Anyways, foamed up the milk and added a bit of ground up Cardamon!!! This is a spice they use in the middle east! Because I recognized the flavor from our meals with them J it made the coffee late extra good! No lies.

Then they helped me with a map show how to get to the town Ermatingen on the lake Bodensee! Ursula dropped me off so I would just have to follow the winding road straight. It was an easy 45 min run/walk. Most of which was down a (never ending) hill. Went through a couple towns..which can be as small as a cluster of houses with a few barns and a place to eat.

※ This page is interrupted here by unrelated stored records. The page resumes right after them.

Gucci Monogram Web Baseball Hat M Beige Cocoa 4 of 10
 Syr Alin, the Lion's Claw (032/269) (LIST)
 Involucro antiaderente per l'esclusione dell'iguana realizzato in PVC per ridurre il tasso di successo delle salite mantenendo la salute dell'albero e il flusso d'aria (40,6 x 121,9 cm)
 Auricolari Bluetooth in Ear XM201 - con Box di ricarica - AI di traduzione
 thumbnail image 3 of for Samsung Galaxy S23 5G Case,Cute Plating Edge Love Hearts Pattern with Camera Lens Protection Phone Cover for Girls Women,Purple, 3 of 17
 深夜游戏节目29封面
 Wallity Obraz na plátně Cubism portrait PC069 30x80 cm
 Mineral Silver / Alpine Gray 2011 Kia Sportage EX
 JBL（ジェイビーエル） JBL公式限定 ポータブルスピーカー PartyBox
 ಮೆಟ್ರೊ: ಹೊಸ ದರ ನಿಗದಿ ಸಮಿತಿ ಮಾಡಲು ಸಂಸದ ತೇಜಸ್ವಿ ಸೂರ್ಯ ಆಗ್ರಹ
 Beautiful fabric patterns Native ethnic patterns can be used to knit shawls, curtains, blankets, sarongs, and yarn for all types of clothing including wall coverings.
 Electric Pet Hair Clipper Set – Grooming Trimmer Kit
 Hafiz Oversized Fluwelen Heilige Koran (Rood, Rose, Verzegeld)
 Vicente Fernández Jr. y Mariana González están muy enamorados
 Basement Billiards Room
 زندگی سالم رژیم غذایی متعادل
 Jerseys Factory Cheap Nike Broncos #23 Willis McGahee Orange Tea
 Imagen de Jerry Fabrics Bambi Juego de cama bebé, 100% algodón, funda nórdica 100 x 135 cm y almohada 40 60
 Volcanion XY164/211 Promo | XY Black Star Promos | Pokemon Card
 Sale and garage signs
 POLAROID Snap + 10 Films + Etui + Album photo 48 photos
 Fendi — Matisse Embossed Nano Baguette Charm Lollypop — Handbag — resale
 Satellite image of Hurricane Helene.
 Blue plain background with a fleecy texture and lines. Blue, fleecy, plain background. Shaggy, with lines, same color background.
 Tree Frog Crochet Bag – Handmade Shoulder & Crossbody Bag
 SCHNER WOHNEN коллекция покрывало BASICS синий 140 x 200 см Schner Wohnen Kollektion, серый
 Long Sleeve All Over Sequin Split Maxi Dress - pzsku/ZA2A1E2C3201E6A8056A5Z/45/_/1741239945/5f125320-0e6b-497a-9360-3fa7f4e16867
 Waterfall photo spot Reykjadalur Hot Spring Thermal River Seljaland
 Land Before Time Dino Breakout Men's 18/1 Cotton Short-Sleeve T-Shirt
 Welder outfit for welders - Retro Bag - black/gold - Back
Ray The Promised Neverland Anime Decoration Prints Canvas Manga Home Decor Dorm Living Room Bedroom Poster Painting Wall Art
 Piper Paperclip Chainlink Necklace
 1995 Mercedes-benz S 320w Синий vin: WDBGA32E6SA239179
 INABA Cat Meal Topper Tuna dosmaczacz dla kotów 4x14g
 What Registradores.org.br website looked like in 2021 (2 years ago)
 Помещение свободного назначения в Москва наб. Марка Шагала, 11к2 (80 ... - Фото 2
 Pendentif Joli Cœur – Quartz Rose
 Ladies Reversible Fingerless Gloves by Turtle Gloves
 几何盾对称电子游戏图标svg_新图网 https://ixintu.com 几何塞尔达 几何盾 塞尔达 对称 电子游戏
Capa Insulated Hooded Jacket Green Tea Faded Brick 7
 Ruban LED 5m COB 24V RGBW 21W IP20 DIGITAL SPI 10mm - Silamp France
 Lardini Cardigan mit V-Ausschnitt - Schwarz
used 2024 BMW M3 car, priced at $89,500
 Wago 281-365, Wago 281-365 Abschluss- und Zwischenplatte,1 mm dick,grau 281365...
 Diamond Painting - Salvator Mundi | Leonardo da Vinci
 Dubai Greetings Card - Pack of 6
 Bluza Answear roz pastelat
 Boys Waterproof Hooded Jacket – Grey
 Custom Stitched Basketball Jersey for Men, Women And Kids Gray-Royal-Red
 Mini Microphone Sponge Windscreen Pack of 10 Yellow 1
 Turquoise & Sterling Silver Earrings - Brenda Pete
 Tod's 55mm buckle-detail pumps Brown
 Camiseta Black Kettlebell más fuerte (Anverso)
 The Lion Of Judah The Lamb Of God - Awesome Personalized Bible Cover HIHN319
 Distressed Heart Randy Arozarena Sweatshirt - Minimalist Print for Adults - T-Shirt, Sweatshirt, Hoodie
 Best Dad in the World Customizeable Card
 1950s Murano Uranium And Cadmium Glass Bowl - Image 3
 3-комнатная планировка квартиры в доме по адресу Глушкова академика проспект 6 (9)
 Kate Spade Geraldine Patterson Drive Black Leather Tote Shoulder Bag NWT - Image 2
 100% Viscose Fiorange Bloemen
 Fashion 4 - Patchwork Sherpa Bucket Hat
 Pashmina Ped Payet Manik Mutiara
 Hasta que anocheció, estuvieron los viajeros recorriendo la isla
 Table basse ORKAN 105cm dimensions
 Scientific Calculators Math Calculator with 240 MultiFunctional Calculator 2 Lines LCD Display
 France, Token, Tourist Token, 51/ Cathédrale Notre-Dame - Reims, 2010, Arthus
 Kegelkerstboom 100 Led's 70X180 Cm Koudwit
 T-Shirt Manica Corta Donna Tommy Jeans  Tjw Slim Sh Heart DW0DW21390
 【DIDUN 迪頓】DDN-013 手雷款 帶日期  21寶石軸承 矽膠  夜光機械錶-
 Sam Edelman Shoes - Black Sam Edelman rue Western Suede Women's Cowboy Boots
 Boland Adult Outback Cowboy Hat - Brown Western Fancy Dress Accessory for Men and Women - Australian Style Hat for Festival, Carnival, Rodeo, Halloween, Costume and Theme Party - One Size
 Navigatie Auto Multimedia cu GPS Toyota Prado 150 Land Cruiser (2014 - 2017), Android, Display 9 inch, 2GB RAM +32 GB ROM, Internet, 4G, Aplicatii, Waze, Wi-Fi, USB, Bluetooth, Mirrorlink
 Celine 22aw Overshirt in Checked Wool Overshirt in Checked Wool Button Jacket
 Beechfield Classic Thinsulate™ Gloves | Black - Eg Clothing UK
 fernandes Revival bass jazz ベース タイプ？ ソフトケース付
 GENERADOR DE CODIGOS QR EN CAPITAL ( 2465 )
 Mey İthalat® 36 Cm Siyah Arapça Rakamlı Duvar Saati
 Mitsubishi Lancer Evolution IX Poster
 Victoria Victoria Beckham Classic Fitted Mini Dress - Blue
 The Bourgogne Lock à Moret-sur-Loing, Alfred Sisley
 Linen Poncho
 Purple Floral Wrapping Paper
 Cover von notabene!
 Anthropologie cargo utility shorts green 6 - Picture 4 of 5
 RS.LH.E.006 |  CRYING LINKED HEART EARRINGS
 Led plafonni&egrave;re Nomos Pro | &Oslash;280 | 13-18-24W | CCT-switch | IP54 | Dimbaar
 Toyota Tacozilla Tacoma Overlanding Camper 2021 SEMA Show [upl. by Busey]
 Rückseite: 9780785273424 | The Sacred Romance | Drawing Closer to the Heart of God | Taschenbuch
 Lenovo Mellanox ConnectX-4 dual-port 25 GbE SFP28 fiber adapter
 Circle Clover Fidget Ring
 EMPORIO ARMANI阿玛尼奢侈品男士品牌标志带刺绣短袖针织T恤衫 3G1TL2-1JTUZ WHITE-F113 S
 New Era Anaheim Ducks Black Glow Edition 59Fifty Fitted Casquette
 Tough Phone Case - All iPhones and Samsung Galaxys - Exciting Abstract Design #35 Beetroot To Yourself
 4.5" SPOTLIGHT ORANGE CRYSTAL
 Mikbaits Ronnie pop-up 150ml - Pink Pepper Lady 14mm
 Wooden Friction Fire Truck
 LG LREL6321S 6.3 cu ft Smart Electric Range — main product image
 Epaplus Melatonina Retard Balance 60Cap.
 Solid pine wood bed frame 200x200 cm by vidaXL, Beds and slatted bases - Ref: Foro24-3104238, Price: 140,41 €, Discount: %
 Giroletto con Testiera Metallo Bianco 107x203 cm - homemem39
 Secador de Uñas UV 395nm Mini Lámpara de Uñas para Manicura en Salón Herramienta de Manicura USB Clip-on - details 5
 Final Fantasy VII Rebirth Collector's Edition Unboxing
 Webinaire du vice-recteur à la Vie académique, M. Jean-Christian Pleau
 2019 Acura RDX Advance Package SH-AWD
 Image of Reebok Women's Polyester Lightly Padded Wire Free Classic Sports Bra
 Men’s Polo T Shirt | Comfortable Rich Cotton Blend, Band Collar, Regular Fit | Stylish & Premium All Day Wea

The “road” I followed is for “wanderweg” walkers/pedestrians. With little signs for walkers, bikers and such. There are little, less than single lane sized, paved roads that cut across the land, connecting these little towns with their sharply angled roofs, and highways through forests and across farmer’s fields.

March 13-Saturday!

I paused a few times, to breathe in the cool, clear air with the smell of the land mixed in it. When the path went through the trees, the world was trapped between serenity and activity. Quiet because wind barely rustled the trees, and no sounds of the outside world interrupted the air. But bustling with the occasional squirrel that darted out of sight, and the birds that sang from the foliage to one another. While the snow (that still remained in the cooler shade) slid off of boughs, or dripped from branches.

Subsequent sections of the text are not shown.